SUNY Upstate Medical University in Syracuse offers training for individuals who are willing to experience working in small-town settings. As part of its Rural Medical Scholars Program, the school allows students to spend an Immersion Week at designated health care facilities.
Hospitals in the north country have opened their doors to these students, and they are an excellent resource for those who make use of this program. The medical students get a taste of how health care professionals in rural areas tend to the needs of their neighbors.
“A highlight for students in Upstate’s rural training program is the annual Immersion Week elective the summer after their first year in the College of Medicine. Students live and train in a small town working side by side with local physicians. They also meet with community business owners, high school students and health care experts to delve deeply into the rural health needs of the host community, said Carrie Roseamelia, Ph.D, assistant dean for rural medicine,” according to information on SUNY Upstate Medical University’s website. “During the week, RMED students mentor local high school students, shadow physicians across specialties and volunteer in the community. For course credit, they write personal reflections and collaborate on a short video of their experiences to share with the host community. Rural Immersion Week began as a pilot in summer 2015 with four students living in Oswego, Dr. Roseamelia said.”
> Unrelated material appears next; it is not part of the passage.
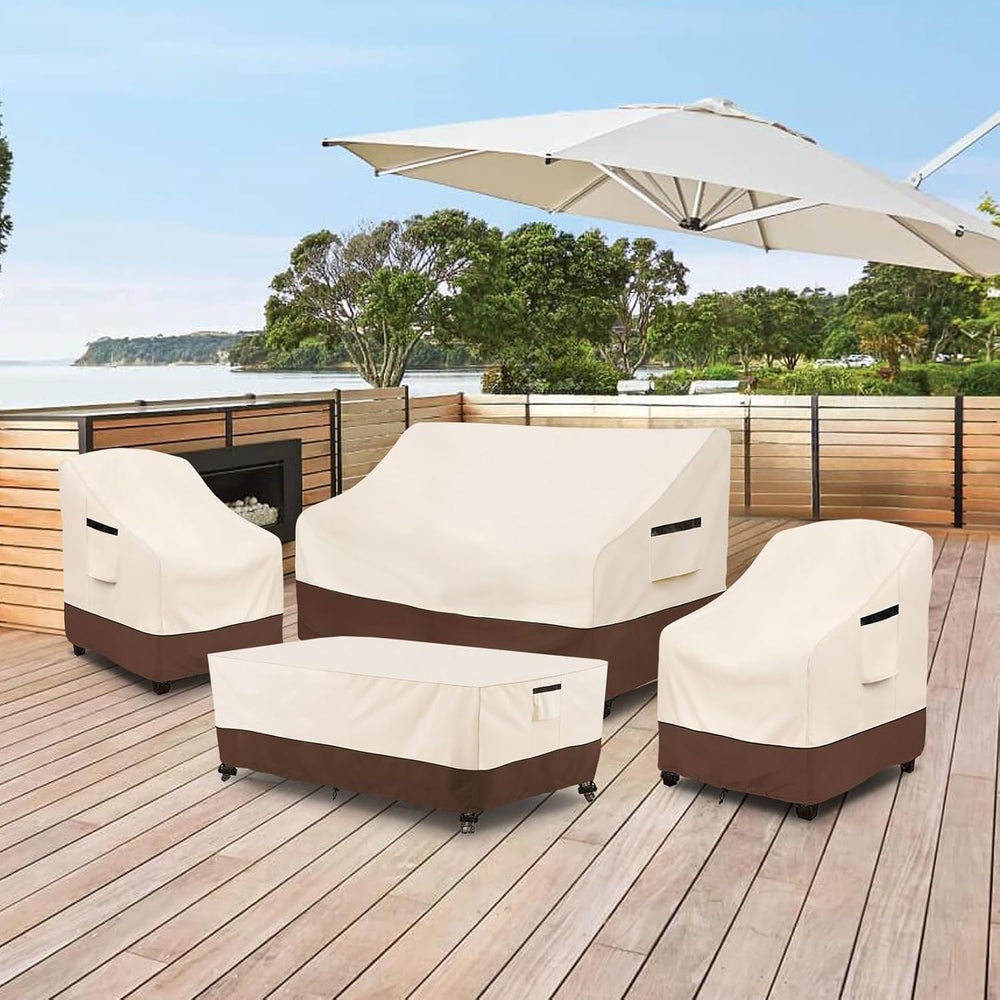 Rileytee Patio Furniture Cover Set, 600D Heavy Duty Waterproof 4-Piece Outdoo...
Five students participated in the Rural Immersion Week in June. They were Carolina V. Alexander-Savino of Bolivia, Tyler G. Fuller of York, Kyle A. Powers of Vestal, Almasa Talovic of Binghamton and Brandon J. Zaffuto of Rochester.
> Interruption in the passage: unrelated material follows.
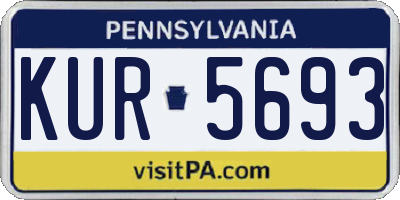 PA license plate KUR5693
The local health care facilities involved were Claxton-Hepburn Medical Center in Ogdensburg and Lewis County General Hospital in Lowville. Canton-Potsdam Hospital also has previously hosted students.
“This year’s program featured [a] one-on-one shadowing experience that allowed participants to observe physician-to-patient interactions as well as to spend time in specific fields of possible interest such as pediatrics, family medicine, surgery, orthopedics, emergency medicine and dermatology,” according to a story published July 2 by the Watertown Daily Times. “But first, students were sent on a scavenger hunt across the Lowville community. Their mission was to find local businesses, to learn how locals came to be in the community and what they enjoyed about living there, and to understand what residents were looking for in a physician.”
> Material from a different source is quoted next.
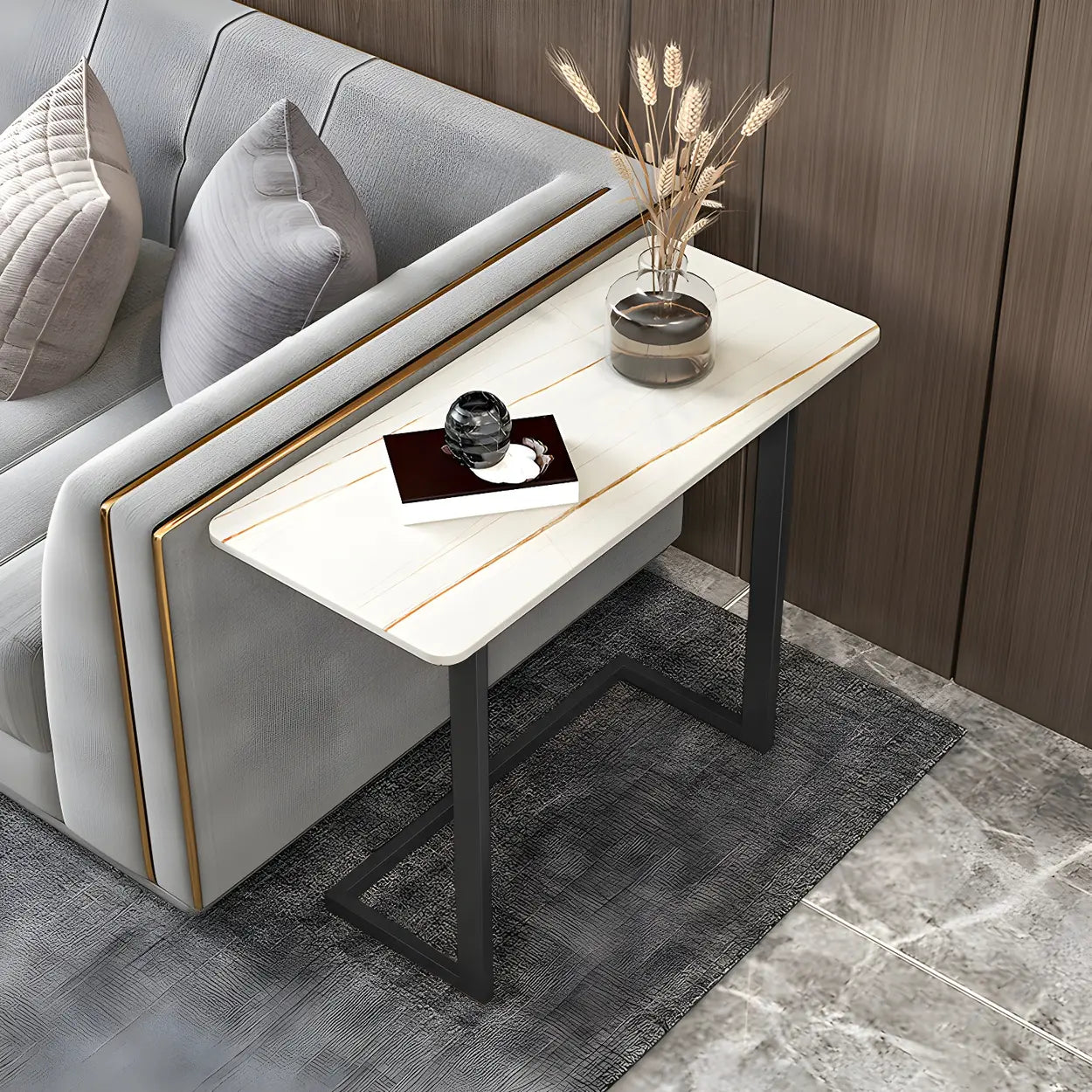 Rectangular Gold C-Shaped Side Table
Providing medical treatment to people living in rural communities can be difficult. Regions of the country such as Northern New York have unique issues that health care professionals must confront every day.
“Some of these, according to the Centers for Disease Control, … include higher rates of death due to heart disease, cancer, unintentional injury, chronic lower respiratory disease and stroke [as compared to] urban Americans,” the Watertown Daily Times story reported. “Rural residents also tend to be older and may live farther away from medical facilities.”
Working in such an environment takes doctors, nurses, physician assistants and medical staff members dedicated enough to overcome these problems and give their patients the best care possible. We commend SUNY Upstate Medical University for offering program and are grateful for the students who spend part of their summer in our health care facilities.